Look, Sharon. It's Benny Goodman's clarinet! He played a Buffet Crampon, and it's in the Smithsonian. Click on the little pic at right for more info on the clarinet.

http://www.smithsonianmag.com/arts-culture/The-Object-at-Hand-1967-Buffet-Crampon.html#


----------



## BSQ (Jun 13, 2009)

wackymother said:


> Thanks to everybody! I'm continuing the search. I didn't know that clarinets break down with age. Does everybody agree with that? I'm of the "older is better" school of thought, so it's a little shocking to me. I thought an older instrument, properly refurbished, would be a good bet. No?

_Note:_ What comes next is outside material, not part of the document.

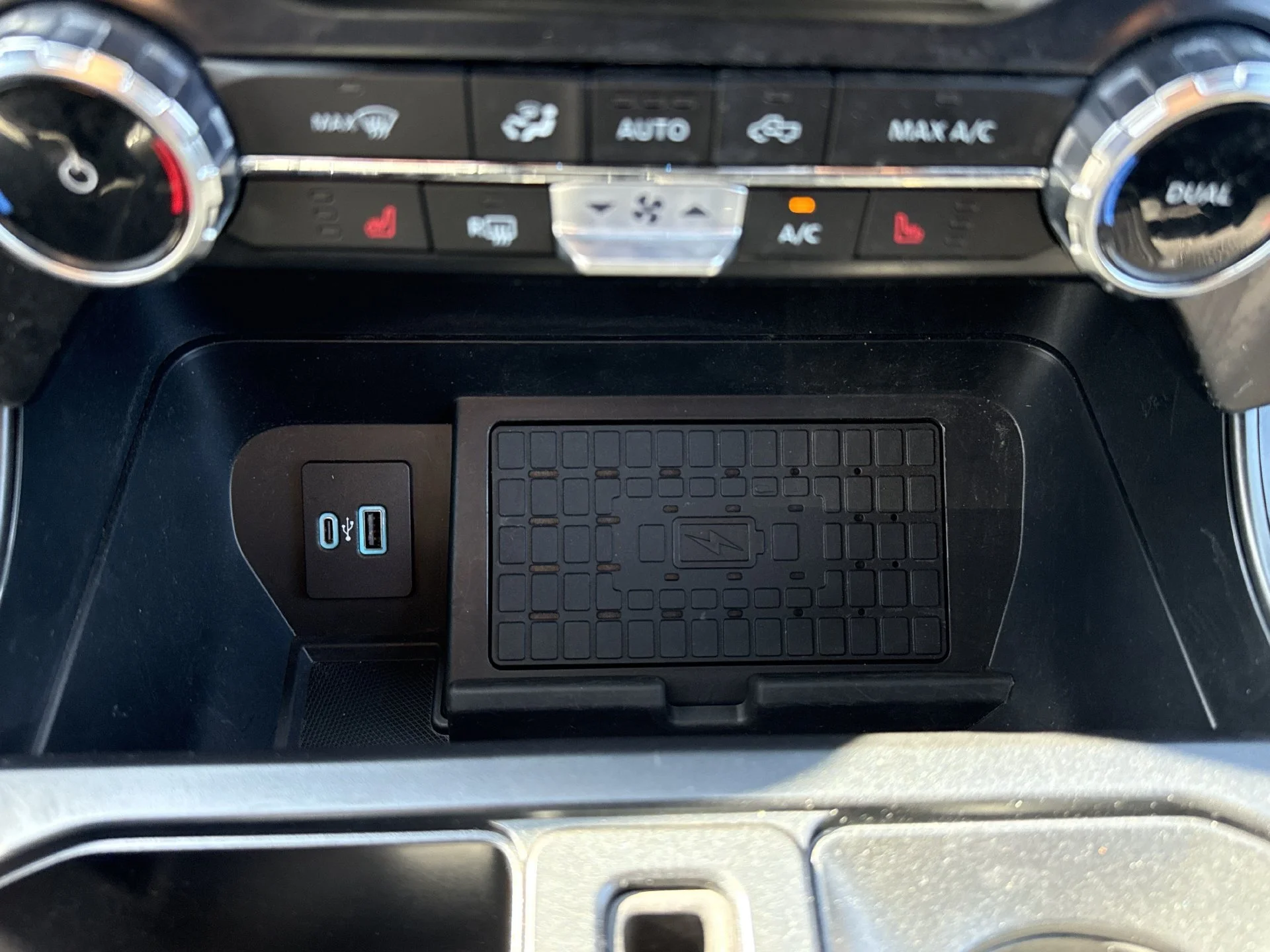 Certified Used 2024 Avalanche Ford XLT image 5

Yes they can.  It depends on how well the owner took care of it.  If it's wood, and not taken care of, the wood can dry out and eventually begin to crack.  Refurb usually takes care of pads, springs, cork and keys.  Occasionally a section will be replaced like the barrel (the short section the mouth piece connects to).  

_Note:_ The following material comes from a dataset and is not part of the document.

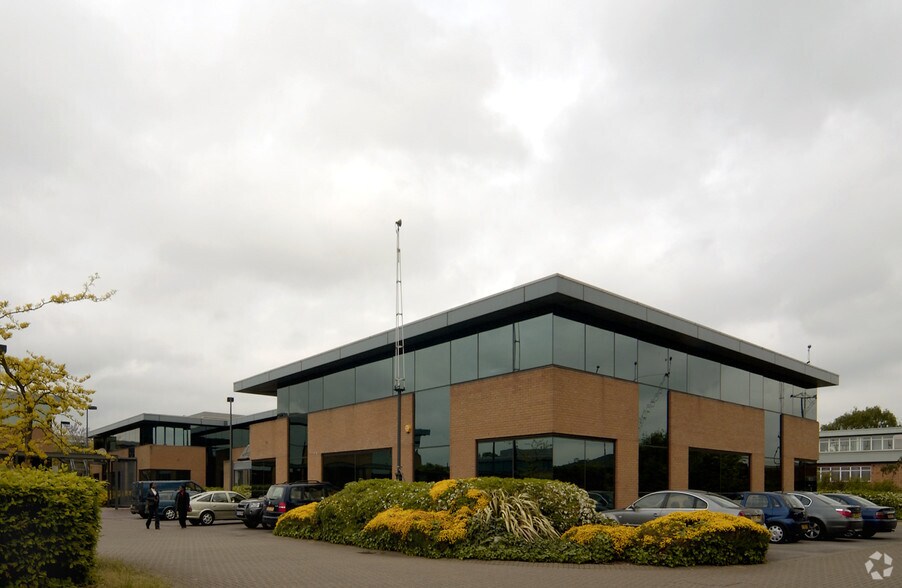 West End Rd, Ruislip for lease - Building Photo - Image 1 of 11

Is buying an older horn always a risk, not necessarily.  Kinf of like a car, it just depends on how well a person took care of it.  I've not played regularly for close to 20 years, but I still oil and maintain my horns.  At a swap meet I bought a silver clarinet for $40.  It's in immaculate shape and I do play that one a little more often than the others.  It was made in 1930.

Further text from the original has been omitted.